If by “University” is meant a large national School, conducted on the basis of the old Roman education, it was impossible that such should not have existed in a people so literary as the Irish, from the very time that St. Patrick brought among them Christianity and civilization. Accordingly, we hear of great seats of learning of this description in various parts of the country. The school of Armagh is said at one time to have numbered as many as seven thousand students; and tradition assigns a University town to the locality where the Seven Churches still preserve the memory of St. Kevin. Foreigners, at least Anglo-Saxons, frequented such schools, and, so far, they certainly had a University character; but that they offered to their pupils more than the glosses on the sacred text and the collections of canons, and the Trivium and the Quadrivium, which were the teaching of the schools of the Continent, it is difficult to suppose; or that the national genius for philosophizing, which afterwards anticipated or originated the scholastic period, should at this era have come into exercise. When that period came, the Irish, so far having its characteristic studies already domiciled among them, were forced to go abroad for their prosecution. They went to Paris or to Oxford for the living traditions, which are the ordinary means by which religion and morals, science and art, are diffused over communities, and propagated from land to land. In Oxford, indeed, there was from the earliest time even a street called “Irishman’s Street,” and the Irish were included there under the “Nation” of the Southern English; but they gained what they sought in that seat of learning, at the expense of discomforts which were the serious drawback of the first age of Universities. Lasting feuds and incessant broils marked the presence of Irish, Welsh, Scotch, English, and French in one place, at a time when the Collegiate System was not formed. To this great evil was added the very circumstance that home was far away, and the danger of the passage across the channel; which would diminish the number, while it illustrated the literary zeal, of the foreign students. And an additional source of discontent was found in the feeling of incongruity, that Ireland, with her literary antecedents, should be without a University of her own; and, moreover, as time went on, in the feeling which existed at Rome, in favour of the multiplication of such centres of science and learning.

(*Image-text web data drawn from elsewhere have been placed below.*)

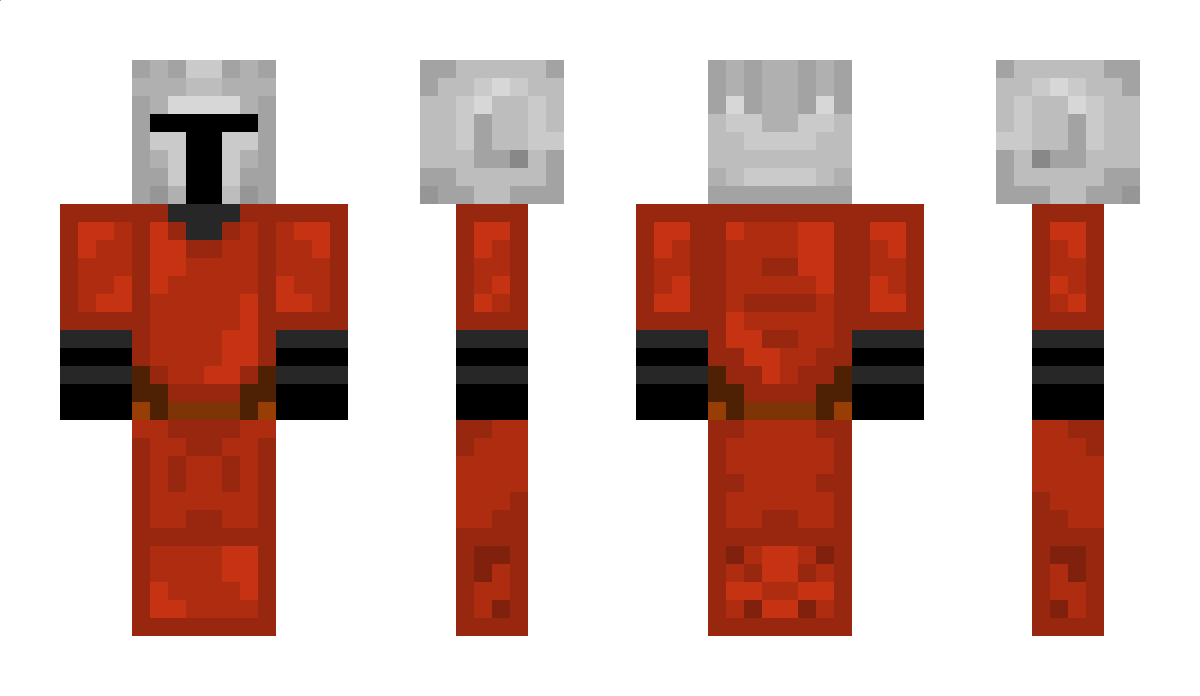 Ragemonzter1 Minecraft Skin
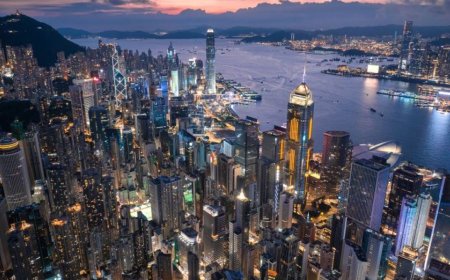 香港：超级富裕的神话，却充满抑郁症患者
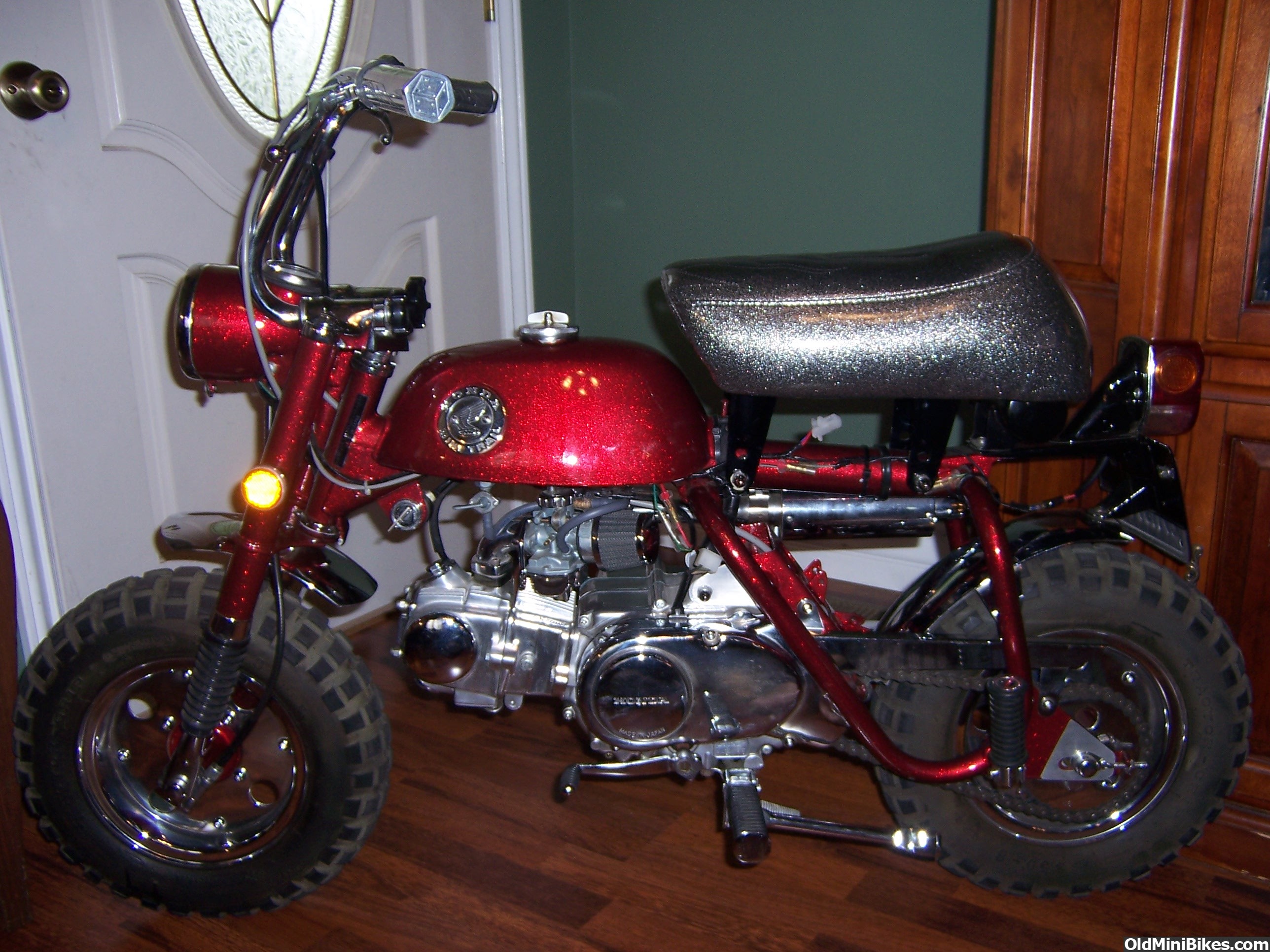 Honda bike forum #4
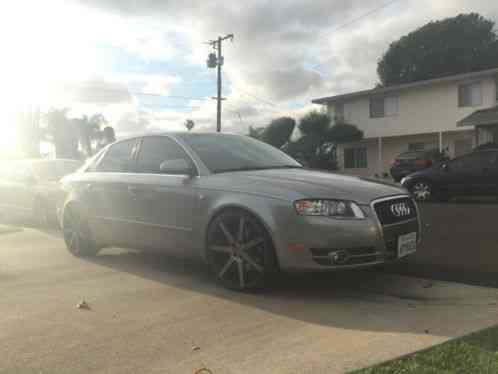 2007 Audi A4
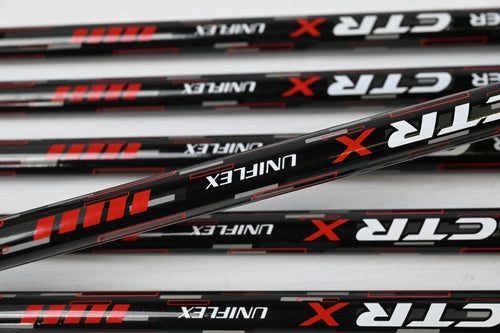 Fazer CTR X Irons / 6-PW+SW / Uniflex Fazer CTR X Shafts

Another perfectly distinct cause was in operation, to which I was just now referring. The Dominicans, and other Orders of the age, had had a preëminent place in the history of the Universities of Paris and Oxford, and had done more than any other teachers to give the knowledge taught in them their distinctive form. When then these Orders came into Ireland, it was only to be expected that they should set about the same work there, which had marked their presence in England and France. Accordingly, at the end of the thirteenth century, the question of a University in Ireland had been mooted, and its establishment was commenced in the first years of the fourteenth.
This was the date of the foundation of the Universities of Avignon and Perugia, which was followed by that of Cahors, Grenoble, Pisa, and Prague. It was the date at which Oxford in consequence lost its especial preëminence in science; and it was the date, I say, at which the University of Dublin was projected and begun. In 1311 or 1312, John Lech or Leach, Archbishop of Dublin, obtained of Clement the Fifth a brief for the undertaking; in which, as is usual in such documents, the Pope gives the reasons which have induced him to decide upon it. He begins by setting forth the manifold, or rather complex, benefits of which a University is the instrument; as father of the faithful, he recognizes it as his office to nurture learned sons, who, by the illumination of their knowledge, may investigate the divine law, protect justice and truth, illustrate the faith, promote good government, teach the ignorant, confirm the weak, and restore the fallen. This office he is only fulfilling, in receiving favourably the supplication of his venerable brother, John de Lecke, who has brought before him the necessities of his country, in which, as well as in Scotland, Man, and Norway, the countries nearest to Ireland, a “Universitas Scholarum,” or “Generale Studium,” is not to be found;—the consequence being, that though there are in Ireland some doctors and bachelors in theology, and other graduates in grammar, these are, after all, few in comparison of the number which the country might fairly produce. The Pope proceeds to express his desire, that from the land itself should grow up men skilled and fruitful in the sciences, who would make it to be a well-watered garden, to the exaltation of the Catholic faith, the honour of Mother Church, and the advantage of the faithful population. And with this view he erects in Dublin a Studium Generale in every science and faculty, to continue for “perpetual times.”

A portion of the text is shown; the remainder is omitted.